At least a portion of the wellbore 10 can be lined with a casing 20, and the casing 20 is cemented in the wellbore 10 by introducing cement 22 in an annulus formed between the inner surface of the wellbore 10 and the outer surface of the casing 20, all in a convention manner. A production tubing 26 having a diameter greater than that of the tool 12, but less than that of the casing 20, is installed in the wellbore 10 in a conventional manner and extends from the ground surface to a predetermined depth in the casing 20.

For the purpose of example only, it will be assumed that the tool 12 is in the form of a plug that is used in a stimulation/fracturing operation to be described. To this end, and with reference to FIG. 2, the tool 12 includes an elongated tubular body member 32 having a continuous axial bore extending through its length for passing fluids in a manner to be described. A cage 34 is formed at the upper end of the body member 32 for receiving a ball valve 36 which prevents fluid flow downwardly through the body member 32, as viewed in FIG. 1, but permits fluid flow upwardly through the body member 32.

A packer 40 extends around the body member 32 and can be formed by a plurality of angularly spaced sealing elements.

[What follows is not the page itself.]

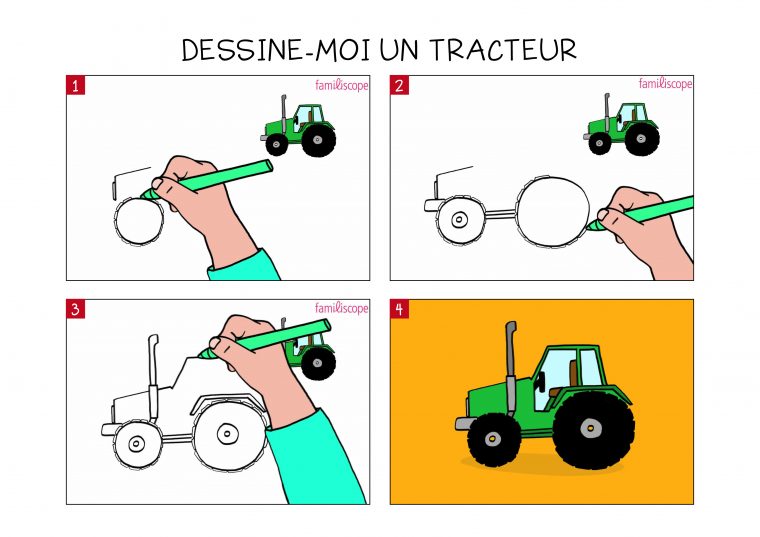 Apprendre À Dessiner Un Tracteur En 3 Étapes concernant Dessin Tracteur Facile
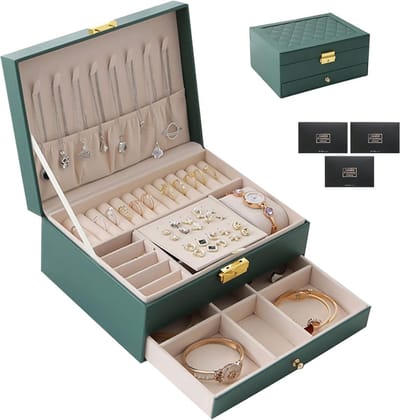 Sieradendoos - Sieradendoos voor dames - Sieradendoos voor dames - 2 lagen - Goed voor op reis, meisjes, gemaakt van PU-leer - Grote sieradendoos voor ringen, oorbellen, met slot en sleutel - Groen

A plurality of angularly spaced slips 42 are mounted around the body member 32 just below the packer 40. A tapered shoe 44 is provided at the lower end of the body member 32 for the purpose of guiding and protecting the tool 12 as it is lowered into the wellbore 10. An explosive device 46 is mounted on the body member 32. The explosive device 46 can be in the form of any type of conventional explosive sheet, detonation cord, or the like.

With the exception of the ball valve 36 and any elastomers or other sealing elements utilized in the packer 40, all of the above components, as well as many other components making up the tool 12 which are not shown and described above, are fabricated from cast iron, i.e. a hard, brittle, nonmalleable iron-carbon alloy. As a non-limiting example, the cast iron can be an iron-carbon alloy containing 2 to 4.5 percent carbon, 0.5 to 3 percent silicon, and lesser amounts of sulfur, manganese, and phosphorus. The cast iron is relatively high in strength yet fractures, shatters, or otherwise breaks up under detonation exposure due to its brittle nature, for reasons to be described. Otherwise, the tool 12 is conventional and therefore will not be described in further detail.

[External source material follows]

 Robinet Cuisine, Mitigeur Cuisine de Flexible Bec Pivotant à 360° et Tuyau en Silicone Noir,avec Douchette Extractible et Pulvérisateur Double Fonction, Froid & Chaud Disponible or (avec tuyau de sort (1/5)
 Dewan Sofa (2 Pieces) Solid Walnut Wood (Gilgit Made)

FIGS. 3-5 depict the application of the tool 12 in an operation for recovering hydrocarbons from the formation F. In particular, and referring to FIG. 3, a lower producing zone A, an intermediate producing zone B, and an upper producing zone C, are all formed in the formation F. A plurality of perforations 20a and 22a are initially made in the casing 20 and the cement 22, respectively, adjacent the zone A. This can be done in a conventional manner, such as by lowering a perforating tool (not shown) into the wellbore 10, performing the perforating operation, and then pulling the tool from the wellbore 10.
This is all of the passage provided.